FMCSA is extending the comment period for all comments on the NPRM, not just on the issues raised in this notice, so everyone may have an opportunity to review this formula and its data.

Corrections to Notice of Proposed Rulemaking

In addition, FMCSA makes the following clerical corrections to the HOS NPRM published in the Federal Register on December 29, 2010 (75 FR 82170):Start Printed Page 8992

1. Page 82177. Correct footnote 17 to read as follows:

17 Balkin, T., Thorne, D., Sing, H., Thomas, M., Redmond, D., Wesensten, N., Williams, J., Hall, S. & Belenky, G.,”Effects of Sleep Schedules on Commercial Vehicle Driver Performance,” 2000. FMCSA-2004-19608-2007.

2. Page 82178. Correct footnote 31 to read as follows:

31 Fu, J.S., Calcagno, J.A., Davis, W.T., Boulet, J.A.M. & Wasserman, J.F., “Improving Heavy-Duty Diesel Truck Ergonomics to Reduce Fatigue and Improve Driver Health and Performance,” FMCSA, December 2010.

3. Page 82179. Correct the third sentence in the last paragraph of the third column to read: “An answer would turn on knowing the total number of crashes in each hour and the percentage of driving that takes place in each hour.”

4. Page 82182, correct footnote 39 to read as follows:

39 Van Dongen, H.P.A. & Belenky, G., “Investigation into Motor Carrier Practices to Achieve Optimal Commercial Motor Vehicle Driver Performance: Phase I,” December 2010. FMCSA-2004-19608-4120.

5. Page 82182. Correct footnote 45 to read as follows:

45 Van Dongen, H.P.A., Jackson, M. & Belenky, G., “Duration of Restart Period Needed to Recycle with Optimal Performance: Phase II,” FMCSA, December 2010. FMCSA-2004-19608-4440.

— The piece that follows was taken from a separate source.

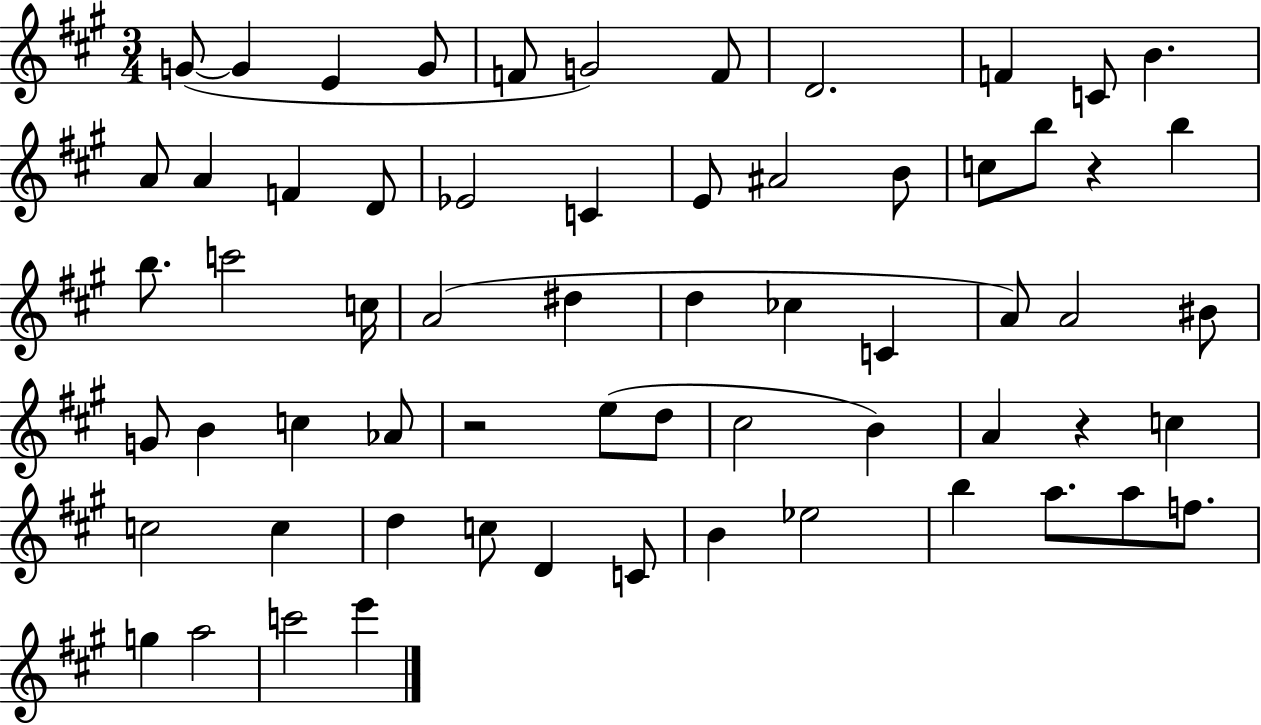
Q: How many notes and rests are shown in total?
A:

6. Page 82183. Correct the sentence that begins on the fourth line from the bottom of the second column to read, “Because one of the team members drives while the other takes his or her break, the result of the rule is that the non-working driver has to take both periods in the sleeper berth because it is not possible to log the shorter time as off duty while he or she is `in or upon any commercial motor vehicle.' ”

7. Page 82187. Correct the sentence that begins on the ninth line of the second column to read, “To analyze the safety impacts of these changes, the Agency has developed a series of functions that relate fatigue-coded crashes to hours of daily driving and hours of weekly work.”

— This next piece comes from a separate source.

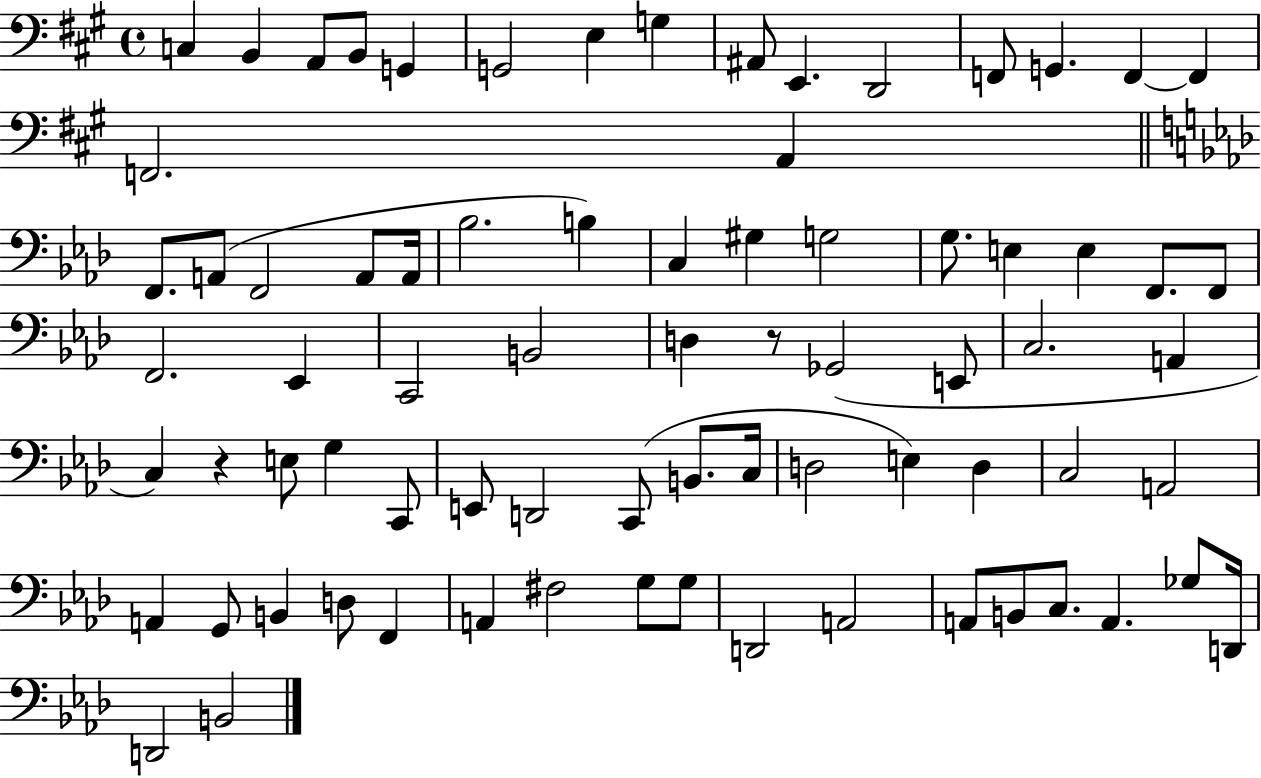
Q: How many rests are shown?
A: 2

8. Page 82188. Remove the comma after “benefits” and before “These” in the thirteenth line of the first full paragraph in the third column and add in its place a period.

9. Page 82189. Remove the period in “Section V.” in line five of the paragraph that begins after Table 8 in the second column.

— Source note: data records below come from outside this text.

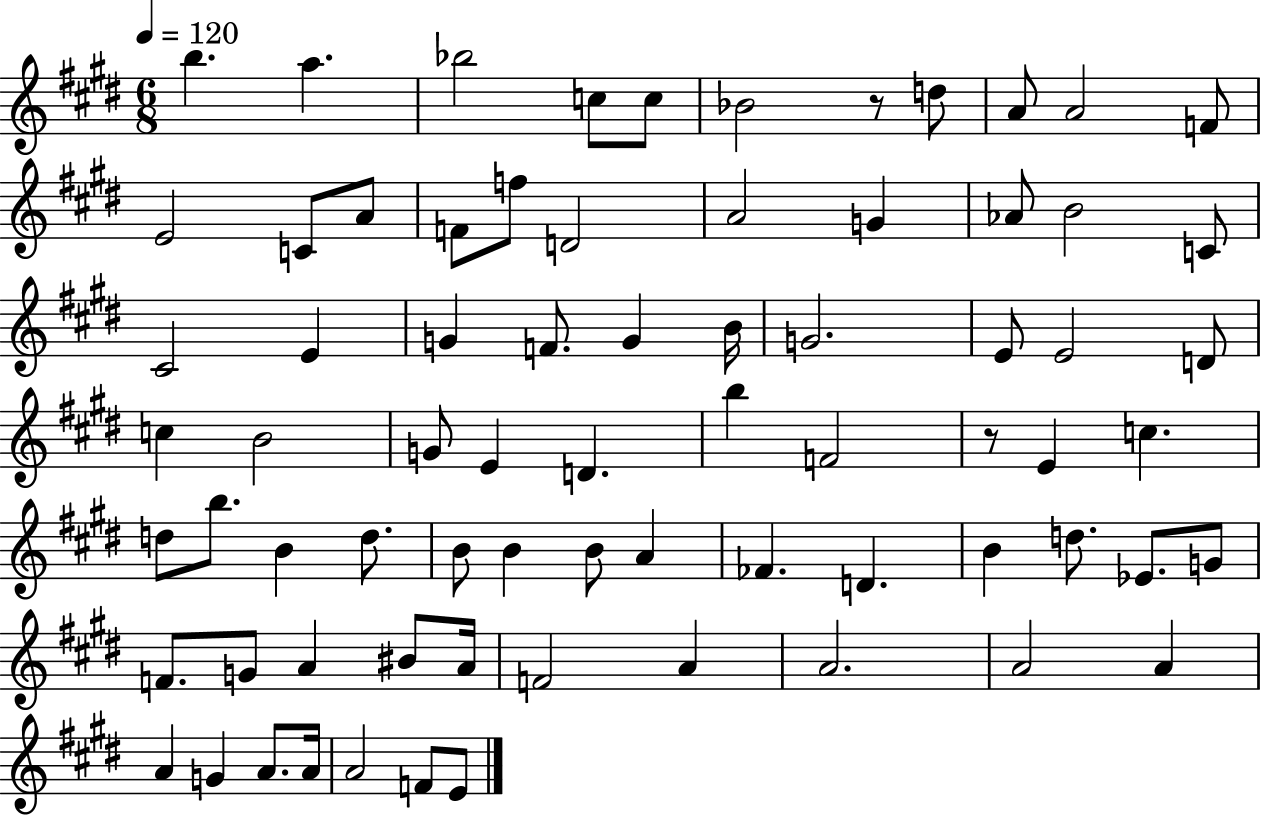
X:1
T:Untitled
M:6/8
L:1/4
K:E
b a _b2 c/2 c/2 _B2 z/2 d/2 A/2 A2 F/2 E2 C/2 A/2 F/2 f/2 D2 A2 G _A/2 B2 C/2 ^C2 E G F/2 G B/4 G2 E/2 E2 D/2 c B2 G/2 E D b F2 z/2 E c d/2 b/2 B d/2 B/2 B B/2 A _F D B d/2 _E/2 G/2 F/2 G/2 A ^B/2 A/4 F2 A A2 A2 A A G A/2 A/4 A2 F/2 E/2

10. Page 82192. Remove “numbers” and add in its place “number” in the eighth line of the third column.

11. Page 82193. Revise the heading of Table 13 to read: “Table 13—First-Year Costs to Affected Firms per Power Unit for Option 3.”

12. Page 82193. Revise the last sentence of footnote 63 to read, “When the Agency has looked at the impact on private carriers in relation to their revenue in the past, the percentage impact of costs to private carriers as a share of revenue has generally been an order of magnitude smaller than the impacts on for-hire trucking firms.”

13. Page 82195. Remove the abbreviation “EA” in the third line from the bottom of the third column and add in its place “Environmental Assessment.”

14. Page 82197. Correct:

a. § 395.1 by revising paragraph (b)(1).

b. § 395.1(d)(2) by removing the period after “§§ 395.8” in the second sentence and adding in its place a comma.

c. § 395.1(g) by revising paragraphs (g)(1)(i)(A)(4), (g)(1)(i)(B), and (g)(1)(i)(C).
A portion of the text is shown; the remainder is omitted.